「希望の砦」柴田朋子
希望をもつのが難しい。そう思う日が増えてきました。
国会では7月、国旗損壊罪法や改正皇室典範が成立しました。国旗を使った表現は大きく制約されることになります。皇室典範改正においては、神話上の人物である神武天皇が当然のように持ち出され、「2600年以上にわたる皇室の伝統」というフィクションが堂々と語られていました。立法の場でそのようなことが議論されるとは、とても近代国家とは思えません。
そして7月22日、熊本日日新聞によって、陸上自衛隊情報部隊が市民数千人について「愛国心」など思想信条の情報を組織的に調査・収集していることが報じられました。憲法違反の大問題になると思った矢先、「国家情報局」の設置が閣議決定されました。
何年も前から、世の中の空気が戦前に近づいているということが指摘され、このままでは日本が再び戦争への道を歩むようになるという危惧も繰り返し語られてきました。私自身、強い危機感を抱いています。少なくとも国家による思想統制は露骨な現実になりつつあるように感じます。
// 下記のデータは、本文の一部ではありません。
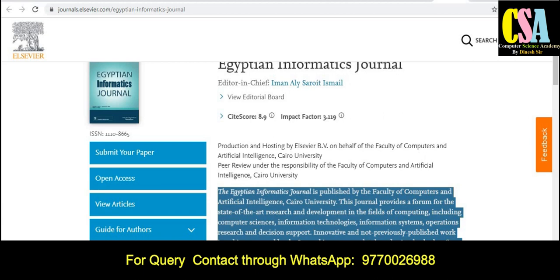Thank you for watching this video. If you are looking for an appropriate journal to publish your research article, ping me on the WhatsApp number — you will find the WhatsApp link in the description. Join us, and thank you friends for watching this video.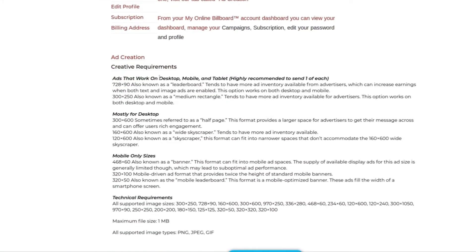We have ads that work on desktop, mobile, and tablet. These work on all internet-enabled devices. These are known as your leaderboard ads, your medium rectangle billboard ads, or you can select only desktop or only mobile.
排外主義的な政策も強化されています。入管庁による「不法滞在者ゼロプラン」はいっそう強化され、外国人の強制送還が積極的に行われています。先日は、難民認定を求める訴訟に敗訴した男性が、自主帰国を決めて東京入管に出頭し、そのまま拘束・収容されるということも起こりました。収容に耐えられる体調ではなく、健康状態の悪化が心配されました。支援者たちが抗議し、数日後に解放されましたが、必要性のない、非人道的な収容であったのは明らかでした。権力がその気になれば、人の自由も尊厳も簡単に奪われてしまうという現実に、怒りと悔しさで気持ちがはち切れそうになります。
社会において正義と平和の実現を目指し、希望をもち続けることはキリスト者の責任だと信じています。一方で、自分の無力さに打ちのめされることもしばしばあります。ですが聖書は言います。「若者も倦み、疲れ、勇士もつまずき倒れようが/主に望みをおく人は新たな力を得/鷲のように翼を張って上る」(イザヤ書40章30-31節)。一度は疲れ倒れても、あるいは何度倒れても、主に望みを置くなら新たに力を与えられる。何度絶望したとしても、主に望みを置くのなら、自由にこの空を飛ぶことのできる翼を与えられる。
そのことを信じ、希望をもち続けたいと願います。そして教会は、絶望した人が訪れ、希望を与えられて再び立ち上がる場所でありたいと願うのです。教会が、希望の砦であるように。神の望まれる正義と平和を追い求める人々の砦、そこで希望を与えられて世界へと歩み出していく場であるように。